China has become more than ever vulnerable to major economic troubles as the real estate crisis has deepened further after property giant Country Garden defaulted on an international bond. This is a serious blow to China’s economy amid falling home prices, and sluggish property sales as well as to average Chinese people who face massive losses.
Country Garden has USD 190 million in liabilities. It expressed its inability to pay up to USD 15.4 million in dollar bonds, and thus heading to one of China’s biggest-ever restructurings. The real estate major still has in progress 3,000 housing projects and about 70,000 employees, which will have a major bearing on the Chinese economy.1
Earlier, another Chinese property giant Evergrande Group reported liabilities of over USD 300 billion, becoming the world’s most indebted property developer.2 The property crisis has created problems for Xi Jinping-led government as it continues to drag the economy down.

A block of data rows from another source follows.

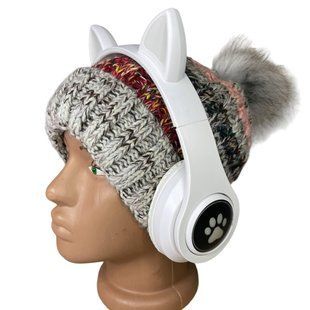 Наушники с ушками Cat Ear В39М беспроводные с подсветкой/FM-радио /MicroSD/Bluetooth белые 1756375772 фото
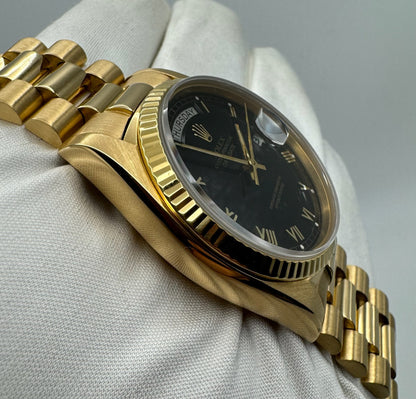 Rolex Day-Date 18K Full Gold OEM Black Roman Dial 1979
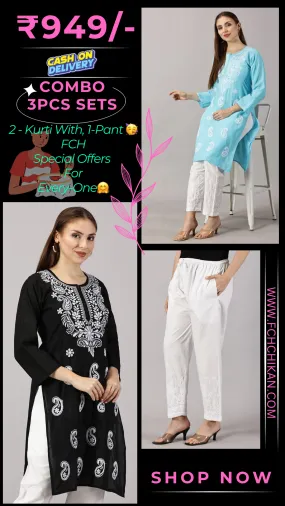 Embroidered Cotton Wear: 2 Kurtis   Pants Set | Women’s Cotton Kurti Set: Embroidery & Comfort Combo | Chic Cotton Sets Combo: Embroidered Kurtis and Pants | Stylish Cotton Kurti Set with Pants - 2 Piece Combo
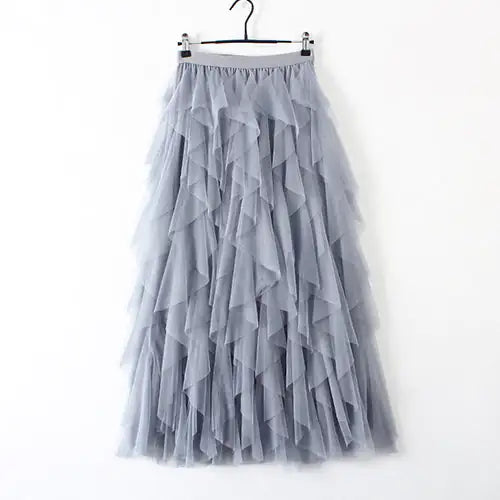 Women's Pleated Multilayered Tulle Skirt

According to JP Morgan, Chinese developers that are responsible for 40 percent of home sales have defaulted on their loan obligations since 2021.3 “I think it’s a really high-profile and visceral reminder of just how bad things are for the developers, but the private-sector developers in particular,” said Chris Beddor, deputy director of China Research at Gavekal Dragonomics.4
Overall property sales and investment have registered a massive decline of 20 percent in year-on-year.5 In the third quarter of 2023, the value of output by the real estate sector contracted by 2.7 percent.6 Similarly, home prices continued to drop as they went down by 0.30 percent from August to September.7
Owing to the property crisis, the World Bank has lowered its 2024 GDP growth rate for China from 4.8 percent to 4.4 percent.8 International Monetary Fund (IMF) has reduced it further to 4.2 percent.9 Larry Hu, head of China economics at Macquarie Group, said “Looking ahead, the main risk still comes from the property sector, which is not out of the woods yet.”10
Many people in China suffered due to the property sector bust. A Chinese person named Gary Meng took a dig at Xi and the Communist Party of China. “In the past, I believed in the government and the party and the country. Now I can only say that I am quite bitterly disappointed,” he said.11
Now, Chinese homebuyers are agitated as they believe the defaults by the developers would lead to the suspension of construction work on the homes they invested in. A Chinese citizen named Fu said “I don’t care if they’re in crisis,” he said. “I want the blood-and-sweat money I earned.”12
Rory Green, chief China economist at TS Lombard, said the Chinese government did not have a proper plan for affordable housing and measures to address the demand-supply imbalance. “It’s simply very difficult to suddenly shift the growth model and try to reallocate resources away from property . . . particularly when it has massive asset linkages to household and to local governments, and to the entire financial system,” he said.13
Experts blamed the ineffective policies of the Beijing government for the property disaster.14 Xi had come up with the “three red lines” policy in 2020, which imposed strict debt and cash-flow targets on developers. This led many Chinese developers to default as the funding was curtailed. However, there are speculations that someone will be made a scapegoat to take the blame for the property fiasco.15
About 70 percent of debt defaults in recent quarters in China are by the property sector. “As property woes worsen, China will likely see more defaults in its financial ecosystem,” said Raymond Yeung and Xing Zhaopeng, economists at Australia & New Zealand Banking Group 16 Real estate, which threatened the financial and economic stability of China, has become a major roadblock to the recovery of the country’s economy which is expected to remain under the weather for a long time.17 Alicia Garcia-Herrero, chief economist for Asia Pacific at Natixis, said a slow but painful adjustment is the only way out for China. The adjustment has only started and will take years to conclude,” she said. “Expect China to be shaving off around one and a half percentage points of growth every year, at least until 2026.”